Media people like myself, however, are less aware than we should be of the extent to which our calling inclines us to become half-assimilated into the political and administrative class we are supposed to be observing. Discussing the generality of our fellow citizens we slide, like politicians, into the language (and mental habit) of ‘should’ and ‘ought’ and ‘by rights’ and ‘fairness’. We editorialise. We pronounce when perhaps we would do better to count.

We do, of course — as even MPs and mandarins do — experience life as ordinary citizens. We are subject to tax, the criminal law and traffic regulations. We listen to a Budget statement with the occasional thought as to how a measure might affect us personally. Less often — but occasionally — we do try to put ourselves in the frame of mind of the millions of ‘ordinary’ people we do not know. But time and again our minds return to what we might call the ‘national interest’ — and, there we go again, judging, adjudicating, moralising. Perhaps we think this is high-minded and perhaps it is, but there are circumstances when high-mindedness in a journalist can be almost unprofessional.
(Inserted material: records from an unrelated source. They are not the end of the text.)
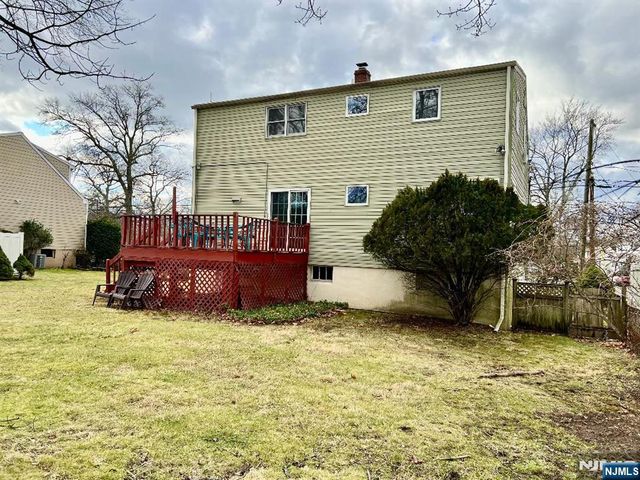 211 Bedford Road, Dumont, NJ 07628
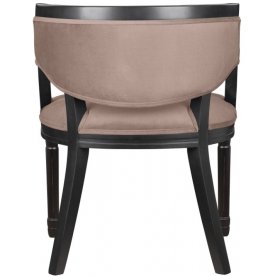 Деревянный стул Orzo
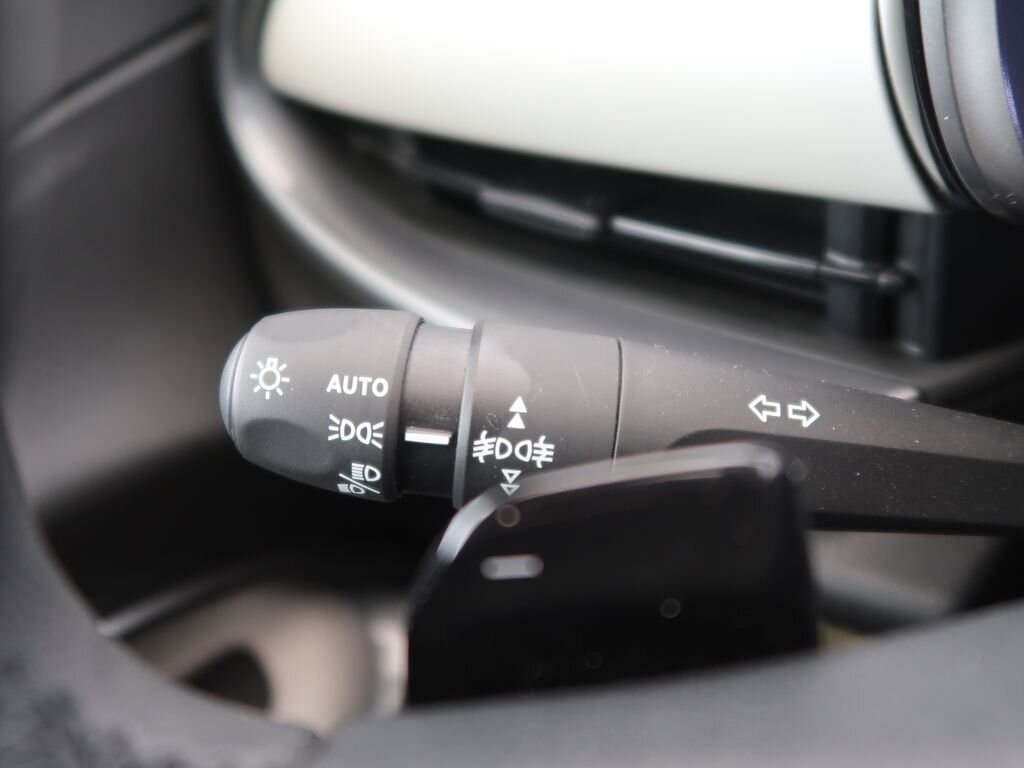 Fiat 600 SUV / Terénní 1,2 l 100 kw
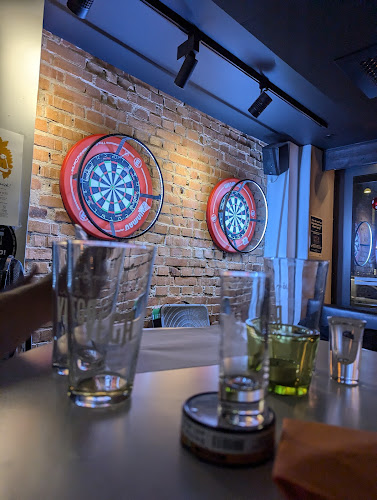 Comentarii opinii despre Haket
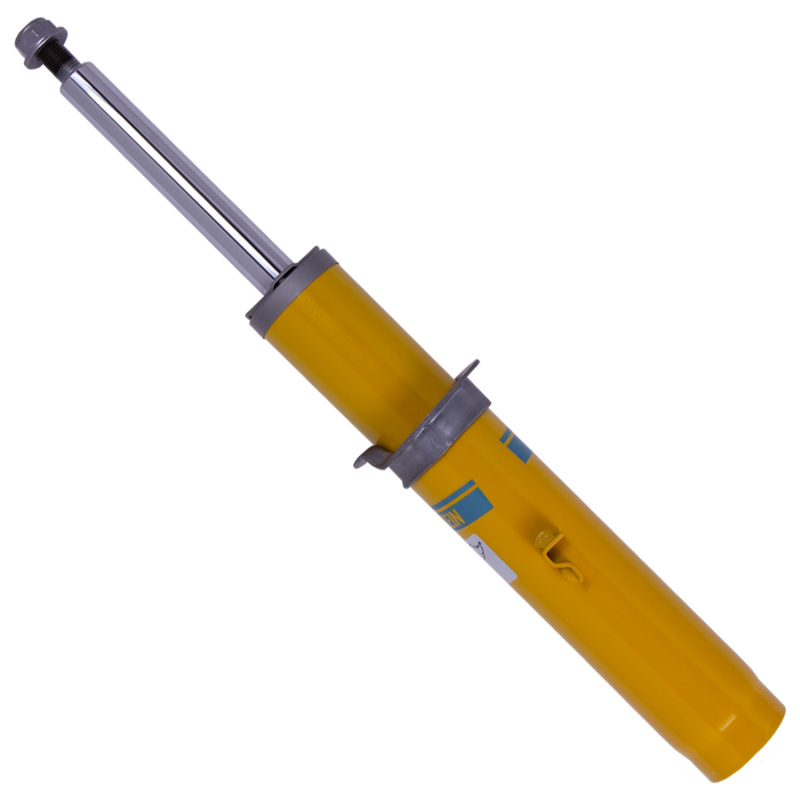 Picture of Bilstein BIL B6 Series Shocks Shocks and Struts - 22-276766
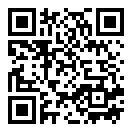 page access qrcode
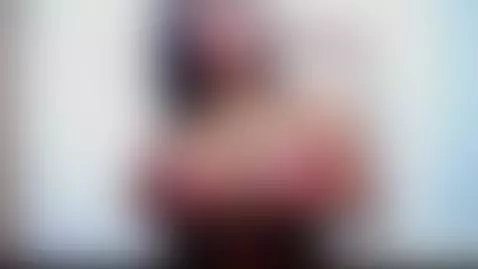 Sexy venus 💦 by chubbyebonie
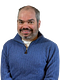 Image of Christopher Baumgartner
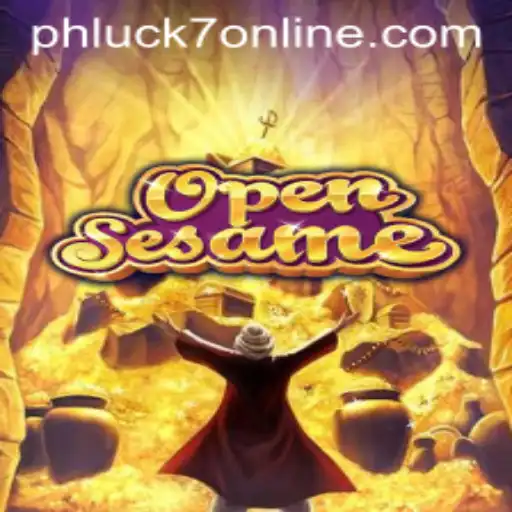 Unlock the World of OpenSesame: A Deep Dive into Gameplay and Rules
Amongst commentators like myself the vice is encouraged by our readers. Our likely audience is stacked against the ‘But how does this affect me?’ tendency and in favour of the ‘What’s best for the country?’ brigade. Our readers tend to be wise citizens who value impartiality, well able to distinguish between their own interests and those of the nation, and who themselves incline to the judicial rather than the pocket-calculator view of politics. Good people, all of you subscribers to The Spectator or the Times — very much my kind of people — and we can fair-mindedly discuss who should get what. We can conclude that the Greeks are being ridiculous; or that people on higher earnings should pay more for social housing; or that the old domestic rating system was manifestly unfair.

But what we cannot do is suppose that our conclusions are of the remotest interest to a struggling Greek innkeeper or a dustman who has always paid a capped rent for his family’s council flat. ‘The Greeks’ are not ‘feckless’. They simply want to hang on to what they’ve got.

Avantage acquis. Had I thought about that, I might have predicted the Greek shock last week.